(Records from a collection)
=== Begin Enclosure ===
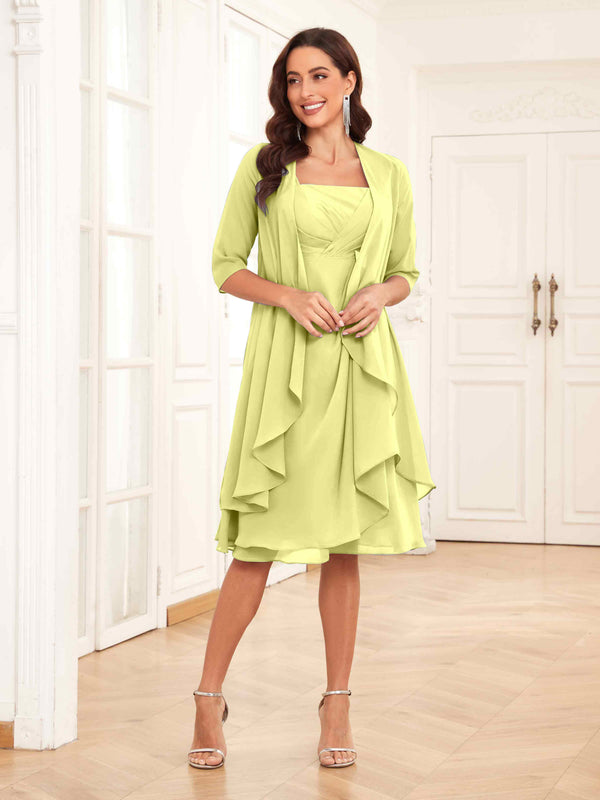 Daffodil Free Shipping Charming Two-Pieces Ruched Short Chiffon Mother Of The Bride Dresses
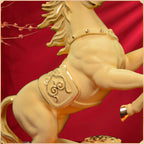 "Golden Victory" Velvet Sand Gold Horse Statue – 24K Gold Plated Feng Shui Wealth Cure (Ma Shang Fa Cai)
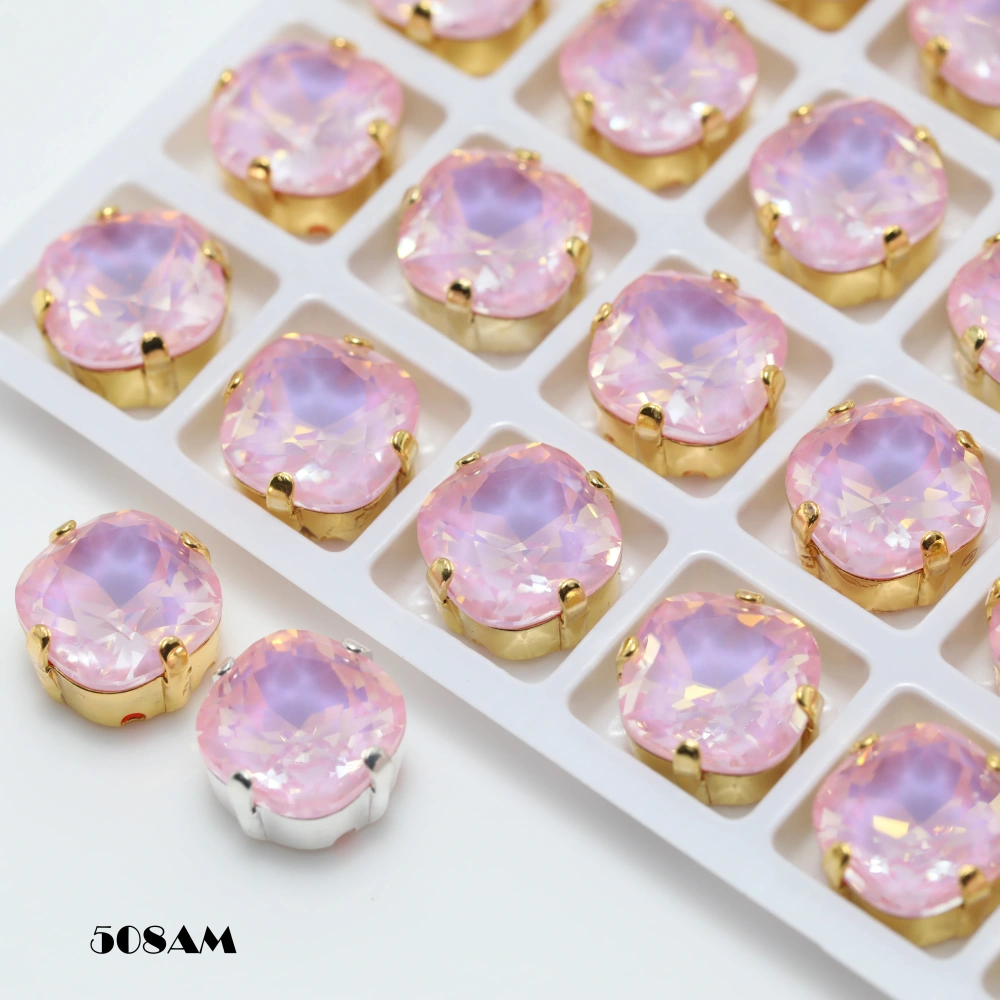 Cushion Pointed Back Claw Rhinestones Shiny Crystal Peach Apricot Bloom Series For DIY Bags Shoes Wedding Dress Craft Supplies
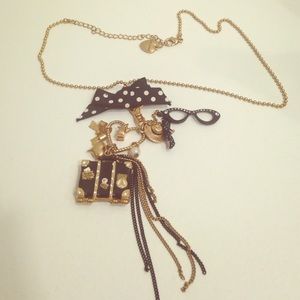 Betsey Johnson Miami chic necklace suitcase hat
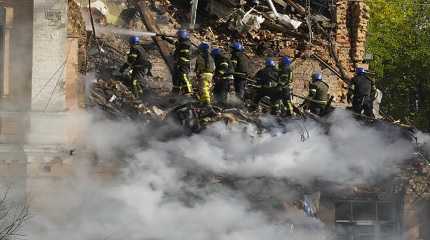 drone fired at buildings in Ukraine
=== End Enclosure ===
## [EXERCISE PROMPT]
The answer must be an exact copy of the lines from the one containing "Cushion Pointed Back" through the last line of the records, with no pictures included.

## [SOLUTION FOR THIS PROBLEM]
 Cushion Pointed Back Claw Rhinestones Shiny Crystal Peach Apricot Bloom Series For DIY Bags Shoes Wedding Dress Craft Supplies
 Betsey Johnson Miami chic necklace suitcase hat
 drone fired at buildings in Ukraine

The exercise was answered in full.